Multiple floors.
44 artists
And a slew of works that run the gamut from site specific installations to paintings, video and conceptual art.
The Lagos Biennial, was a “whole mood.”
Set inside the dilapidated Independence Building, the setting of the second coming of the Lagos Biennial (the first held at the dilapidated Railway compound in Ebutte Metta) was apt especially when considered in the context of its theme – HOW TO BUILD A LAGOON WITH JUST A BOTTLE OF WINE.
According to the curatorial statement, “In recent years Lagos has expanded exponentially…such rapid change has raised immense challenges and pressing questions related to the impact of urbanization on conceptions of identity and citizenship, affordable housing, the sustainability of natural resources, and socio-economic inequality.”
The works are, therefore, at once personal and public as they consider Lagos as both space and place where people live, work and play. And they pose some urgent questions – What does a city mean? How is a city constructed and navigated?
But it is not just Lagos, other African urban conurbations are represented, especially Nairobi with its colourful depiction of piki piki (okada) riders.
The works are conceptual takes on quotidian realities and what comes across, in many instances, is a feeling that perhaps unable to fully grapple with the real life conundrum that is Lagos, many artists are taking refuge in a Lagos of the imagination.
Some of the stand out works are the site specific sculptures by Angolan artist Pedro Piers whose works fashioned out of “locally sourced domestic objects such as boots and plastic storage containers (jerry cans) assembled vertically to suggest human figures…”
Eman Ali’s “Piki Piki Paradise”, his portraits of motorcycle taxi drivers is an urgent take on the malaise of urban transportation facing rapidly exploding urban centers in Africa.
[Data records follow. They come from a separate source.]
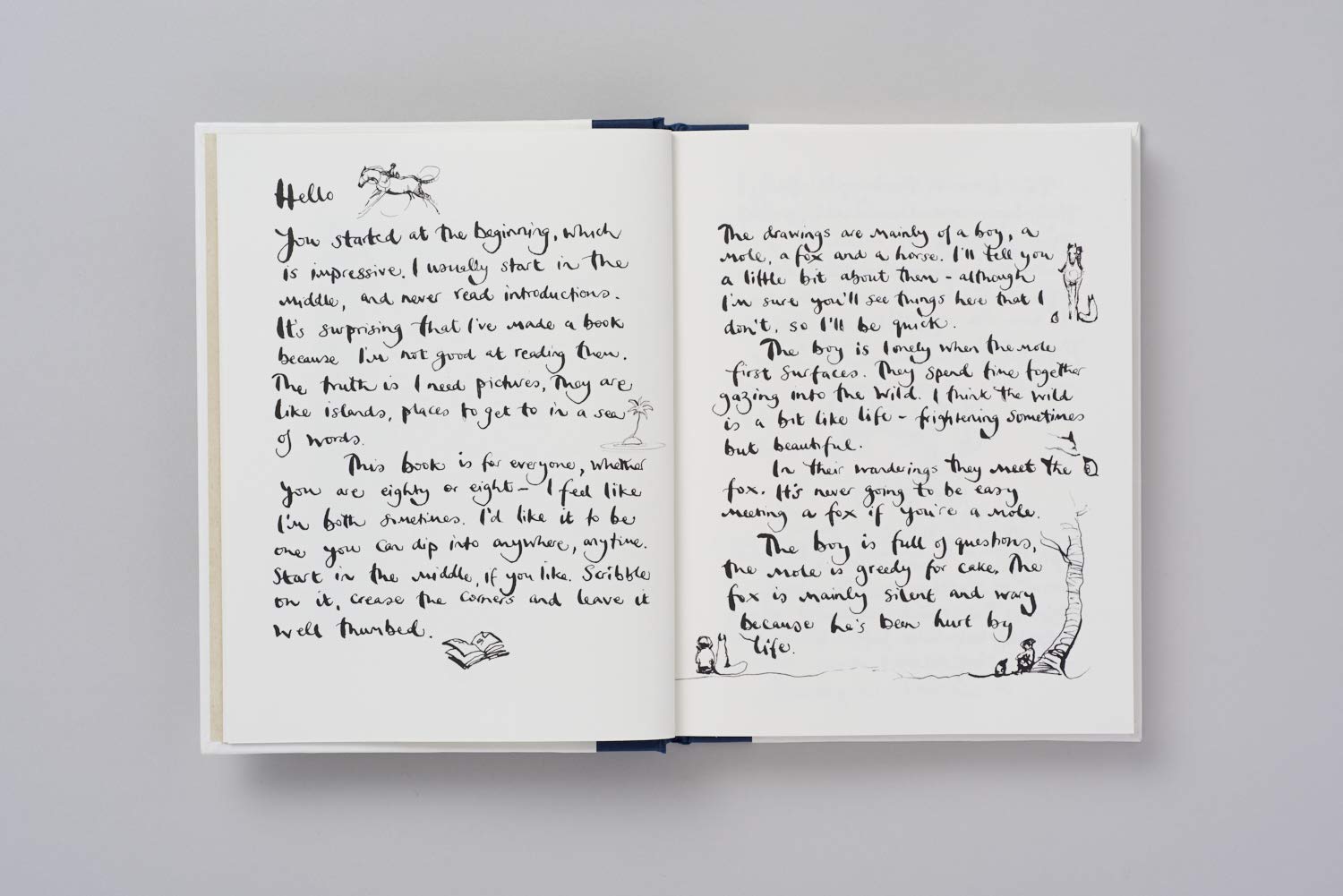 The Boy, The Mole, The Fox and The Horse /anglais,New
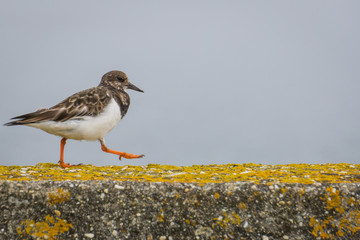 l'oiseau 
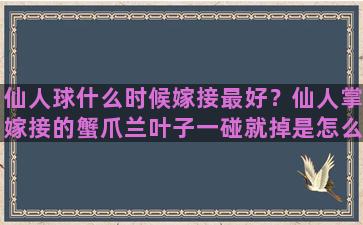 仙人球什么时候嫁接最好？仙人掌嫁接的蟹爪兰叶子一碰就掉是怎么回事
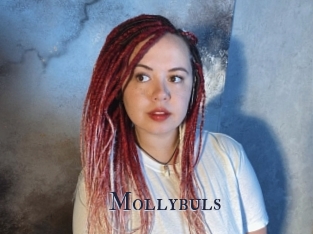 Mollybuls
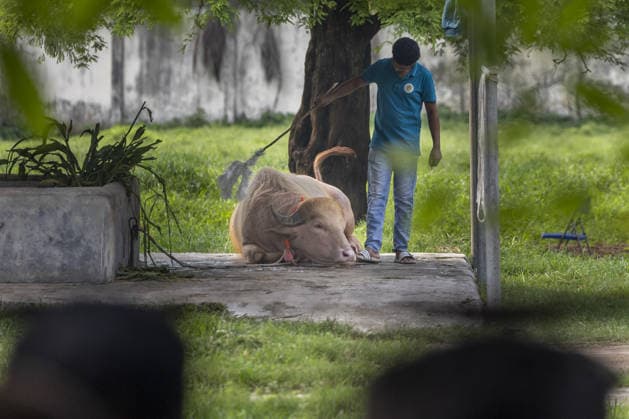 Visitors flock to see rare albino buffalo nicknamed Donald Trump at national zoo in Bangladesh DHAKA, BANGLADESH - MAY 29: A rare albino buffalo nicknamed Donald Trump is seen in its enclosure at the National Zoo during the Eid al-Adha holiday in Dhaka, Bangladesh on May 29, 2026. The 700-kilogram white buffalo attracted crowds of visitors during the festive holiday. Abdul Goni Anadolu Dhaka Bangladesh. Editorial use only. Please get in touch for any other usage.  Copyright: x2026xAnadoluxAbdulxGonix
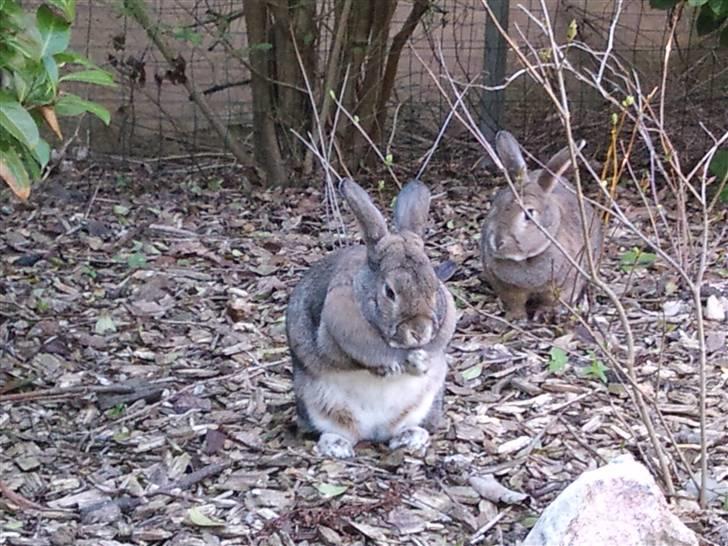 Kanin             - Ninus R.I.P billede 10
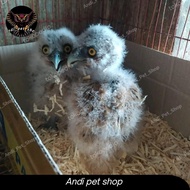 Burung hantu Buffy fish owl anakan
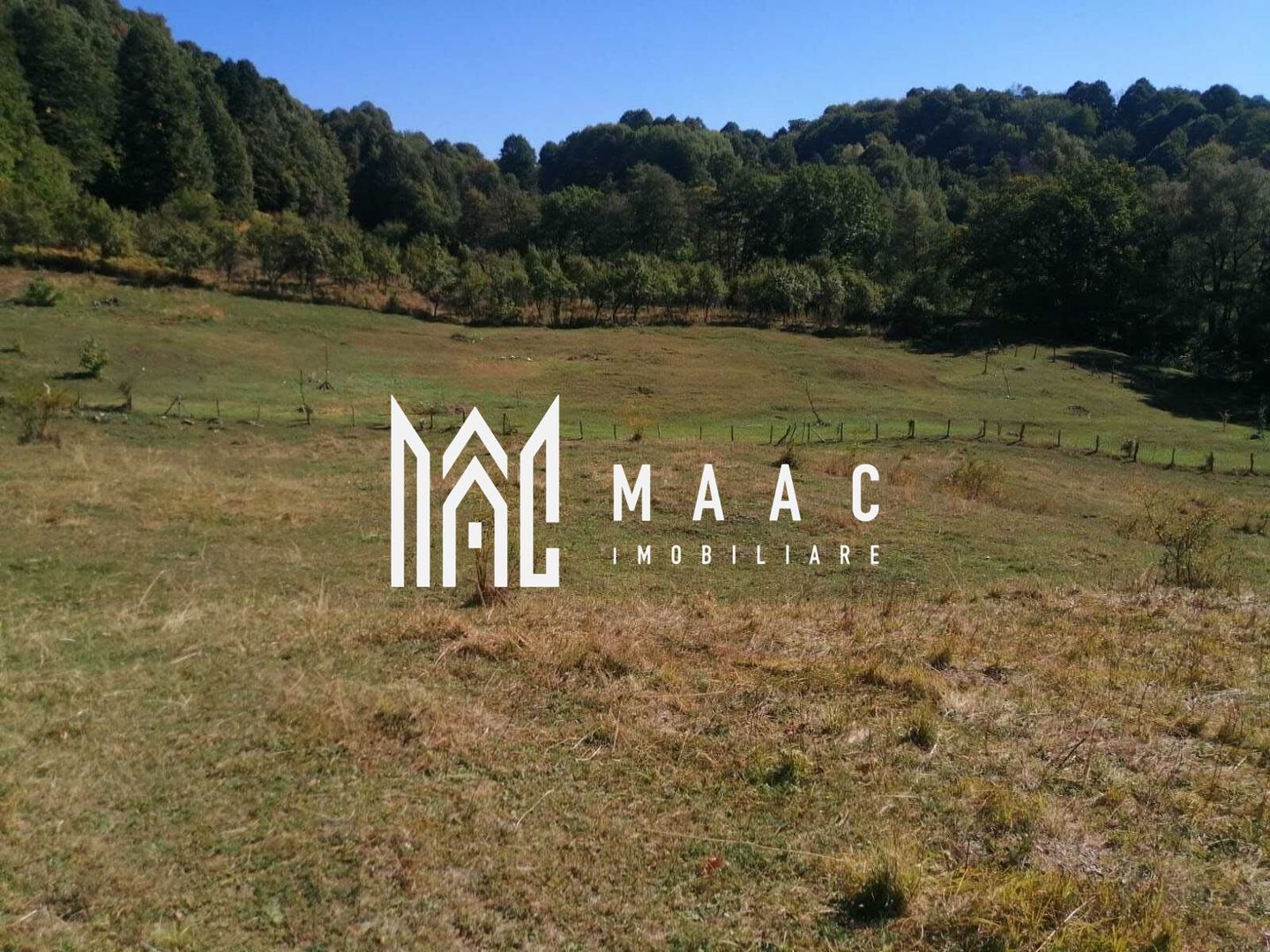 Teren Extravilan 20.000Mp I Stoenești -Vâlcea I Apă Curentă și Pădure - Poză 2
This portrait would be interesting to consider when Kenya’s equivalent of Gokada and ORide emerge.
“The Royal House of Allure” by Sabelo Miangeni is a revelation as it documents the goings-on in what he calls “a social space where youth convene, express themselves and support one another.”
Nneka Ezemezue’s “The Vendors” is a brilliant documentary of “Free readers Association of Nigeria, men who hang-out at newsstands to peruse and debate newspaper articles and headlines.” These men are representative of the obliterated middle class who used to, but now unable to afford newspapers, gather at vendors’ newsstands to read for free or a nominal fee.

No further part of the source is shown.